Assignment: Give again, exactly as written, each line of the material below starting at the line that contains "As you can see here" and ending at the line that contains "Hey guys, welcome". Both ends count, and no other line does.

Given records:
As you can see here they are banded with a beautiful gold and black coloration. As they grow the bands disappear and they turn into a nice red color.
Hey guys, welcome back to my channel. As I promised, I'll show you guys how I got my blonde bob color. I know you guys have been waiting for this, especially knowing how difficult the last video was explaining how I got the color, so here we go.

...

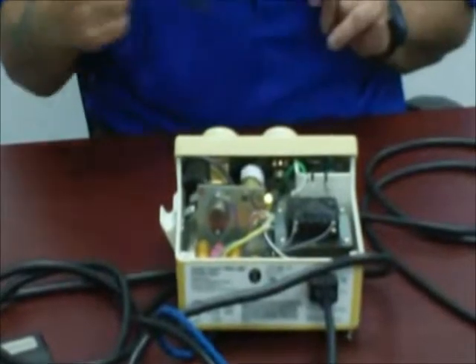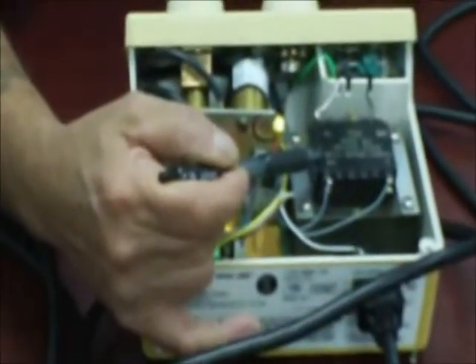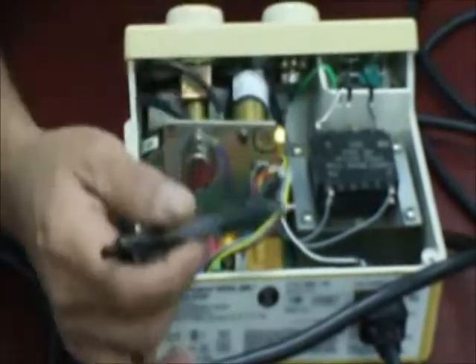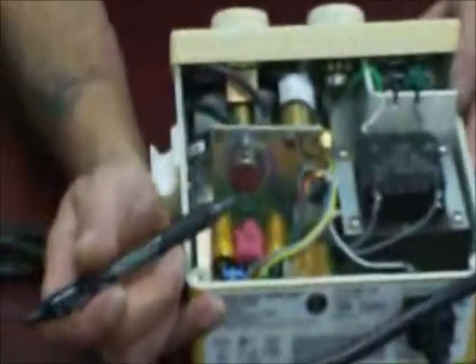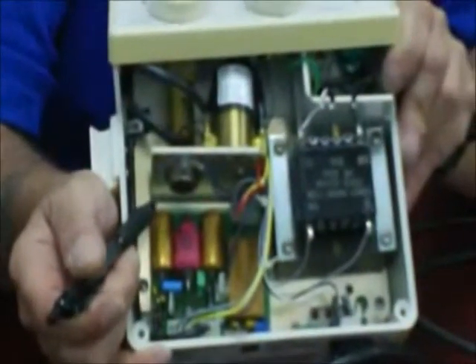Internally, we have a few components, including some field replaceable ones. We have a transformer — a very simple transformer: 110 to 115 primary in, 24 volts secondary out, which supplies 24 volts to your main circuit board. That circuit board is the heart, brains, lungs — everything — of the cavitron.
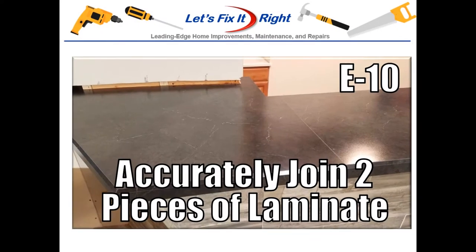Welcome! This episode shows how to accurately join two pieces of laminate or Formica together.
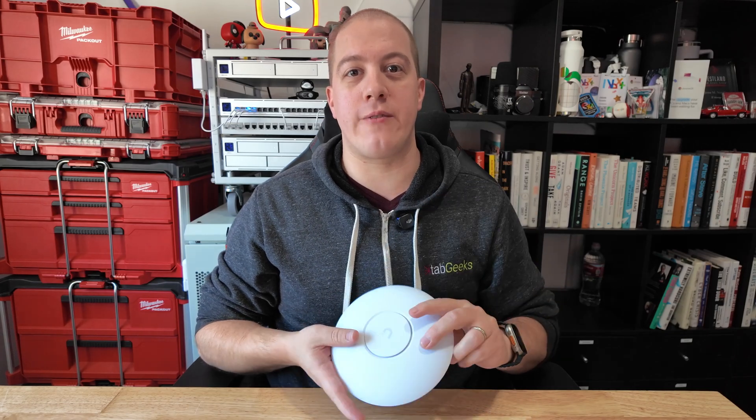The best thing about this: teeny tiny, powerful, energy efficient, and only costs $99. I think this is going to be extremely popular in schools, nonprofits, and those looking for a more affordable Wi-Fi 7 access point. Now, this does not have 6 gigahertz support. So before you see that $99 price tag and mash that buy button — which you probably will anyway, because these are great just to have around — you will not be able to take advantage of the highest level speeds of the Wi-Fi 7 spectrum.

--

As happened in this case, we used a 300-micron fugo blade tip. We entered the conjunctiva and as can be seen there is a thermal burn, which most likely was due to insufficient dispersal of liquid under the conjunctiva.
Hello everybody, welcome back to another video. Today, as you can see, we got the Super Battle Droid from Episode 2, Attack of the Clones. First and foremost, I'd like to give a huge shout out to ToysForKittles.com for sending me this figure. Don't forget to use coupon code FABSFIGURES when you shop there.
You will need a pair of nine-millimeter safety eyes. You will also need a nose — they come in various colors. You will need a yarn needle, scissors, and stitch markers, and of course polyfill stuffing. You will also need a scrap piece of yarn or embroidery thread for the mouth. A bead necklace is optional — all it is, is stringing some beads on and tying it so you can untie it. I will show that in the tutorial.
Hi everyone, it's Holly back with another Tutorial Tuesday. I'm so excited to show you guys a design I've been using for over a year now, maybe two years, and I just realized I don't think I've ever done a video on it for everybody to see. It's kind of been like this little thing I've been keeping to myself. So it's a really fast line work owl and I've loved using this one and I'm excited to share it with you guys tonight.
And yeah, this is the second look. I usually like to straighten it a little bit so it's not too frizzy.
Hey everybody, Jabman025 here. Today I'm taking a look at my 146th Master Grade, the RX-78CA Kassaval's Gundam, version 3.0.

Written solution:
As you can see here they are banded with a beautiful gold and black coloration. As they grow the bands disappear and they turn into a nice red color.
Hey guys, welcome back to my channel. As I promised, I'll show you guys how I got my blonde bob color. I know you guys have been waiting for this, especially knowing how difficult the last video was explaining how I got the color, so here we go.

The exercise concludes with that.